Composite Ville’s theorem underpins robust statistical inference and testing in nonparametric settings:

• Composite Strong Law of Large Numbers: For $\mathcal P$ any class of i.i.d.\ laws with $\mathbb E_P|X_1|<\infty$ and uniform integrability,

$$A_{\rm div} = \left\{ \lim_{t\to\infty} \frac{1}{t}\sum_{s=1}^t X_s \text{ does not exist} \right\}$$

satisfies $\mu^*(A_{\rm div})=0$. There exists an e-process which diverges on every violating sequence, unifying pathwise SLLNs across $\mathcal P$ (Ruf et al., 2022).

• Sequential Testing & Anytime-Valid Inference: Events with $\mu^*(A)=0$ admit e-processes $E_t$ yielding level-$\alpha$ sequential tests, $\{\sup_{s\le t} E_s \ge 1/\alpha\}$, robust under composite nulls.
• Azuma–Hoeffding Bound: For bounded increments, composite Ville recovers pathwise Azuma–Hoeffding inequalities; e.g., $$\sup_{P\in\Delta_0} P(\sum Y_t \ge \epsilon) \le e^{-\epsilon^2/(2T)}$$.
• Online Learning: Sequential composite Ville structures supermartingales for regret bounds, recovering algorithms like exponential weights and mirror descent.
• Extensions: Framework supports composite versions of other limit laws (LIL, ergodic theorems), and tighter confidence sequences under minimal moment assumptions.

6. Technical Innovations and Inequalities

The composite Ville framework justifies e-processes as versatile generalizations of martingales, crucial in scenarios where no single process behaves as a martingale under all $\mathcal P$. Notable technical results include a new $\mathbf L^1$–type line-crossing inequality for random walks:

$$\mathbb P\left(\sup_{t\ge1} \frac{|\sum_{s=1}^t X_s|}{\gamma + t} > \epsilon + r(K) \right) \le \frac{8K^2}{\gamma\epsilon^2} + \left( \frac{16}{\epsilon^2} + 2 \right) r(K)$$

where $r(K) = \mathbb E[|X_1|\mathbf{1}_{|X_1|>K}]$ and only finite first moment is required.
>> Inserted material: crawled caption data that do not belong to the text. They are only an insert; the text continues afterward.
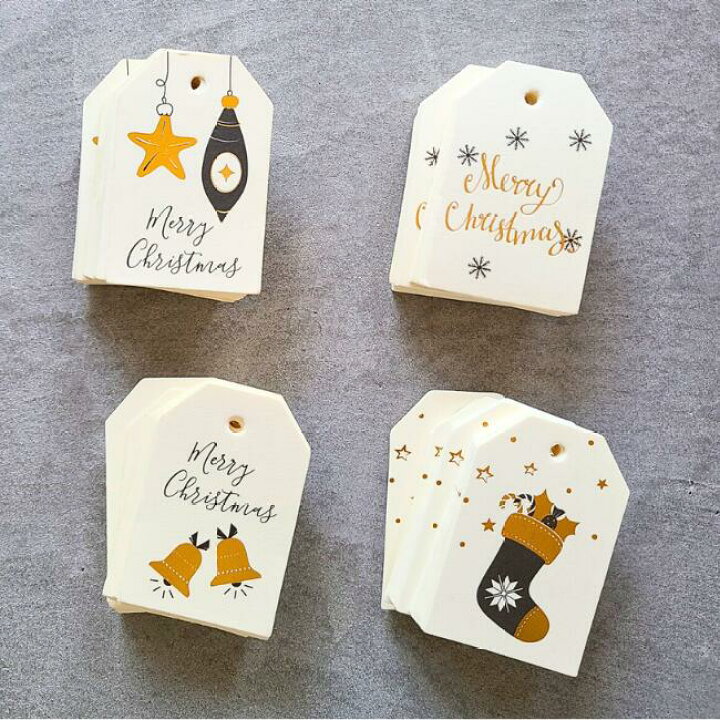 楽天市場】クリスマス紙タグ45枚 金箔プリント 台紙 ラッピング用品  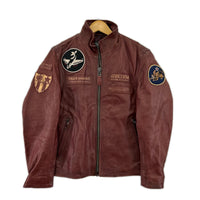 レザージャケット AGED WAPPEN STAND ZIP RIDERS (L) M レッド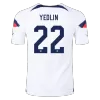 Men's Authentic YEDLIN #22 USA Home Soccer Jersey Shirt 2022 World Cup 2022 - Pro Jersey Shop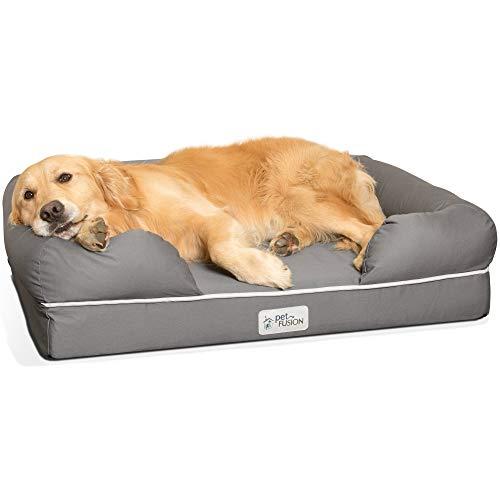 Cama de espuma viscoelástica para perros medianos y grandes, Gris (Large Bed),  91 x 71 x 23 cm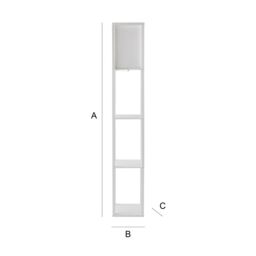 ValueLights Struttura Wooden Shelving Floor Lamp with Fabric Shade in White - thumbnail 9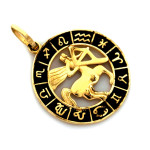 Złota zawieszka Strzelec z czarną emalią i próba 585 znak zodiaku stylowa biżuteria
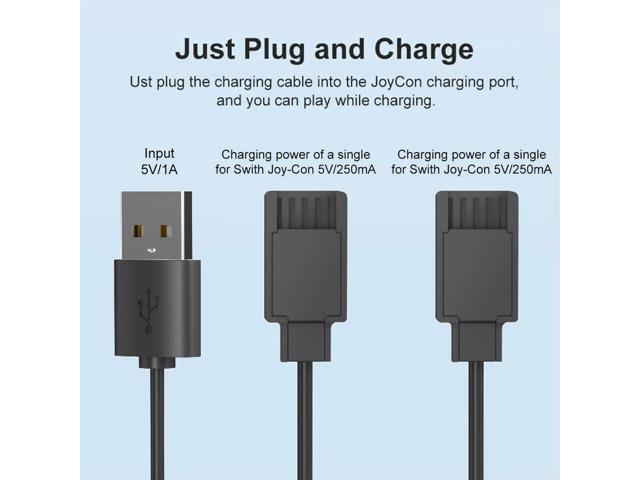 Charging Cable for Joycon Controller 2 in 1 Portable Charger Cable 2.5M Charging Cord for Switch Controller Charger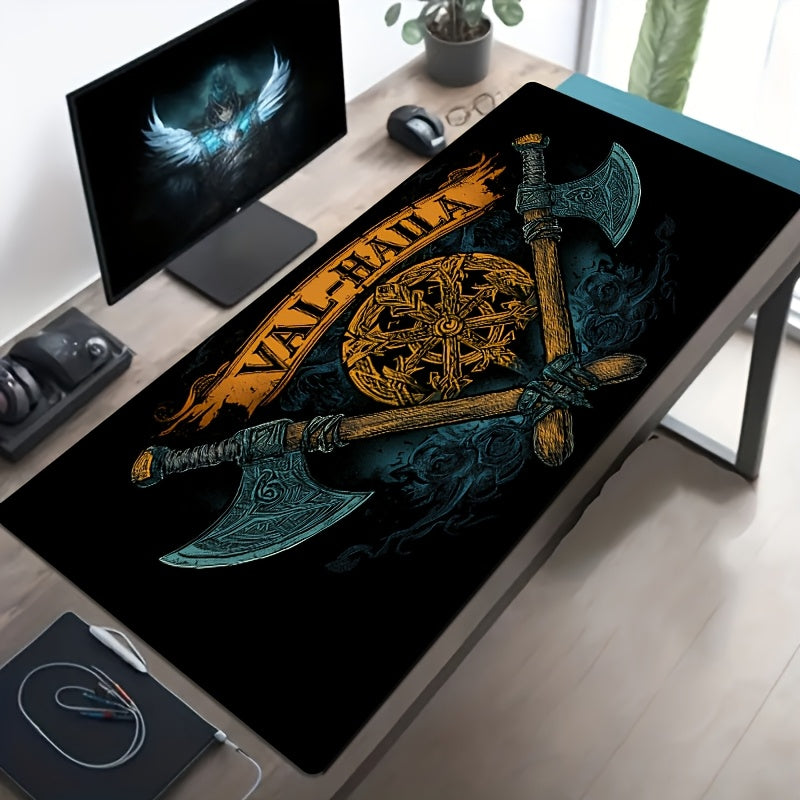 Retro Viking_1 Digital Printing Mouse Pad Computer Keyboard Pad Large Rubber Base Mouse Pad Game Accessories Office Computer PC Birthday Gift Game Player Laptop Light Luxury Desk Pad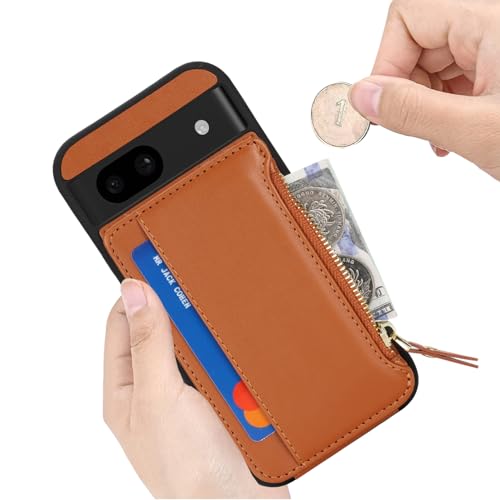 Image of Cavor for Google Pixel 8a Case Wallet with Card Holder, Brown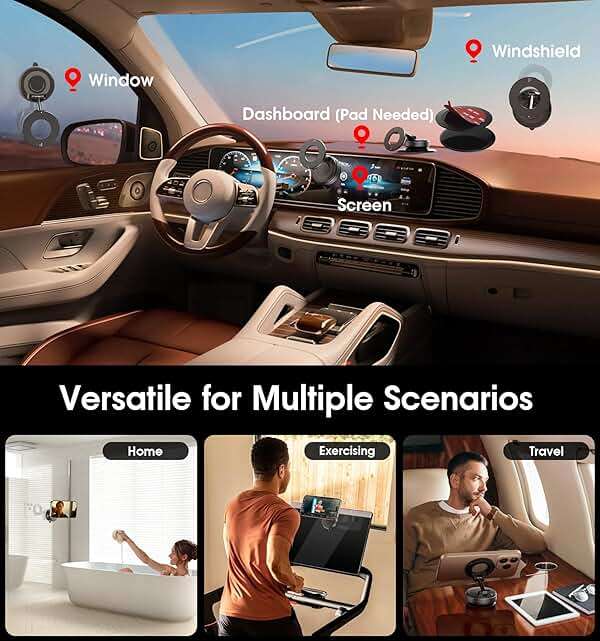 REOKILY 2026 Upgraded Vacuum Magnetic Car Phone Holder 360° Reinforced 96LBS Ultra Suction Cup Phone Mount for MagSafe Cell Phone Holders for Your Car/Gym/Mirror Mount for iPhone & Android - Image 2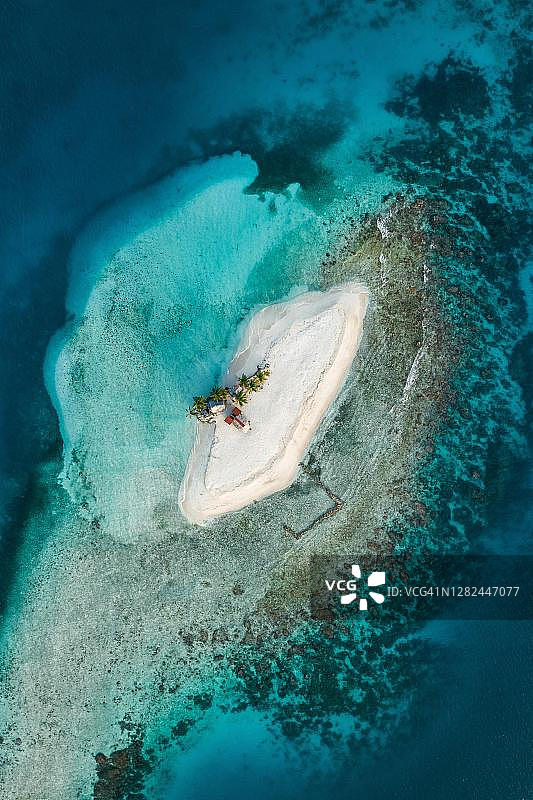 巴拿马圣布拉斯群岛热带岛屿航拍图片素材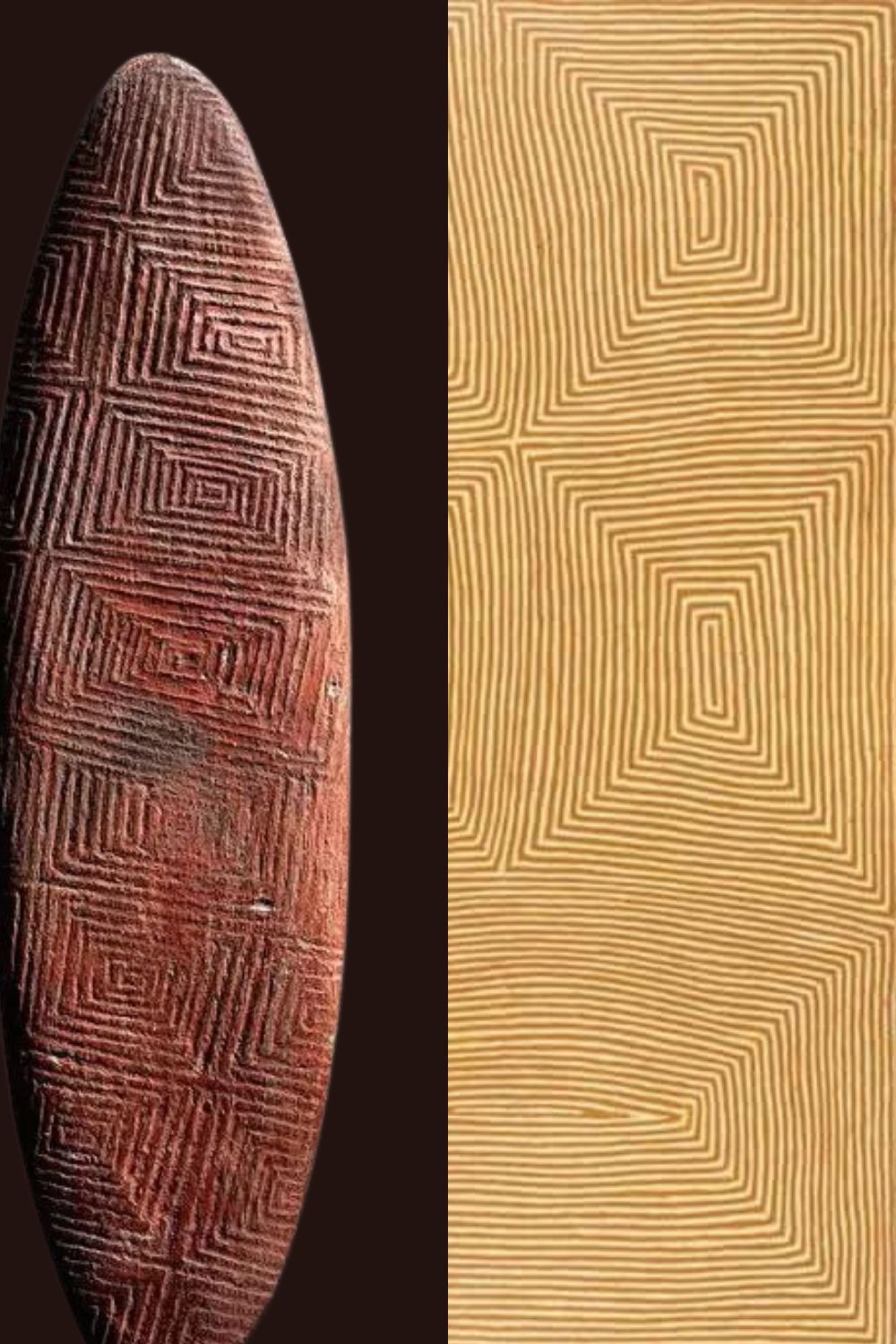 Traditional Western Desert ceremonial object beside a George Tjungurrayi painting showing similar nested square and parallel line patterns.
This sharpens the pathwise control over deviation probabilities in heavy-tailed, nonparametric regimes (Ruf et al., 2022).

7. Significance and Research Directions

Composite Ville’s theorem not only bridges measure-theoretic and game-theoretic probability, but constitutes the backbone for a minimax duality characterized in game-theoretic frameworks (Frongillo, 24 Dec 2025), advancing robust inference, law-of-large-numbers type results, and sequential testing in settings with uncertainty or adversarial data generation. This suggests further composite generalizations for other probabilistic limit laws and advances the use of e-processes in robust meta-analysis, exchangeability testing, and online learning methodologies. A plausible implication is that future research will refine minimax duality and extend composite Ville’s theorem to infinite-horizon and high-dimensional settings, leveraging e-processes and outer measures for nonparametric testing and confidence sequences.